# brcm80211 - Broadcom opensource driver

## couker

Hi,

I am installing gentoo on laptop with Broadcom wifi card  - 44:00.0 Network controller: Broadcom Corporation Device 4353 (rev 01). This should be supported with new opensource driver in kernel 2.6.37. Compiling driver as a module is without problem, but the module needs to load firmware, which is not in gentoo portage. After some googling I am using firmware from some debian package http://packages.debian.org/unstable/kernel/firmware-brcm80211 which works ok. Wifi works and I am able to connect to my network without problems. I assume that the firmware should be the included in the portage same as eg. b43-firmware or firmwares for intel cards. Should I fill in a bug or did I miss something?

----------

## d2_racing

You should open a bugzilla just to be sure.

----------

## Goeland86

silly question, but where do you put the firmware for the module to load it?
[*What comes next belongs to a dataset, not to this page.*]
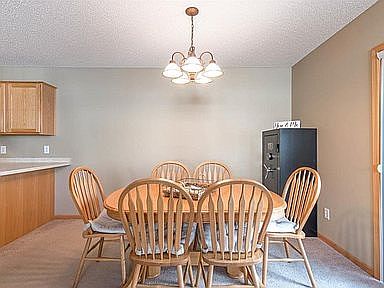 5th image of 2561 Yellowstone Dr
Did you just put it in the generic location as directed here?

This is my first laptop with a broadcom chipset, so any insight is welcome.

Thanks,

Goeland

----------

## lxg

I've written a little Howto on my website:

http://www.lxg.de/code/broadcom-4353-wireless-et-al-opensource-howto

----------

## Goeland86

Thanks lxg!

Works like a charm  :Smile: 

----------

## Adwin

Have you noticed network dropping with the brcm80211 driver?

It works fine for a few seconds, but then, just shuts down.

----------

## Goeland86

I've had no issues at all with the driver. In fact, I'm rather impressed, it works better than the atheros chip I had in my previous laptop, which had on occasion the network drops you mention.
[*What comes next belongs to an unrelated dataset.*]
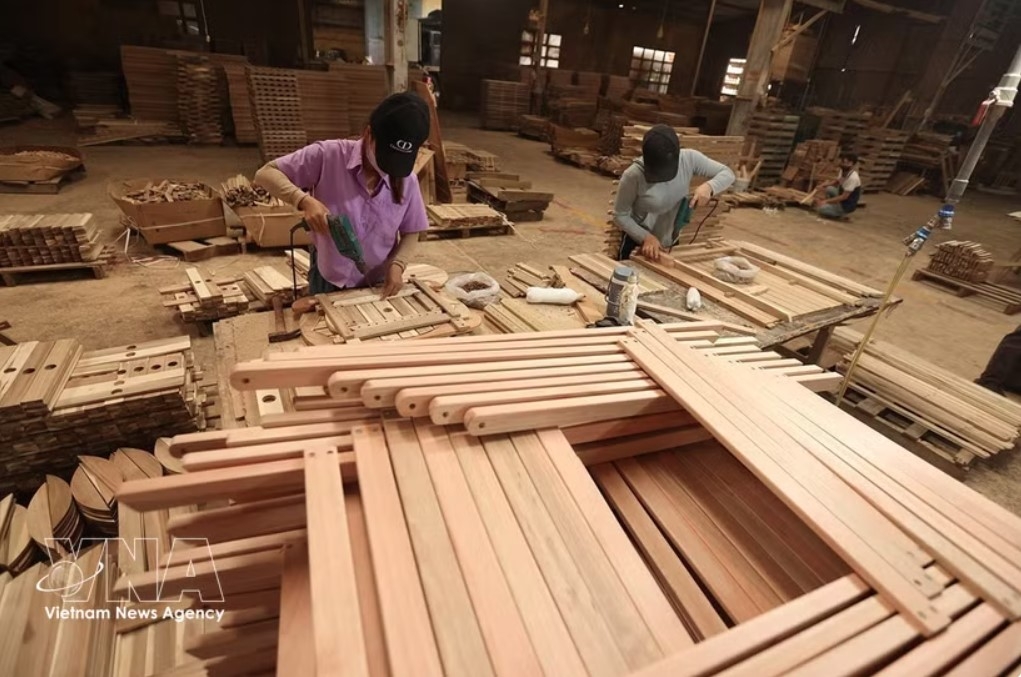 vietnam, poland explore supply chains for furniture manufacturing picture 1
But nope, this one's working just fine. Note that I compiled it as module, but all other wireless-related things are in-kernel.

----------

## lxg

 *Adwin wrote:*   

> Have you noticed network dropping with the brcm80211 driver?
> 
> It works fine for a few seconds, but then, just shuts down.

 

Not yet, but I don't use wireless too often. But when I do, it is stable.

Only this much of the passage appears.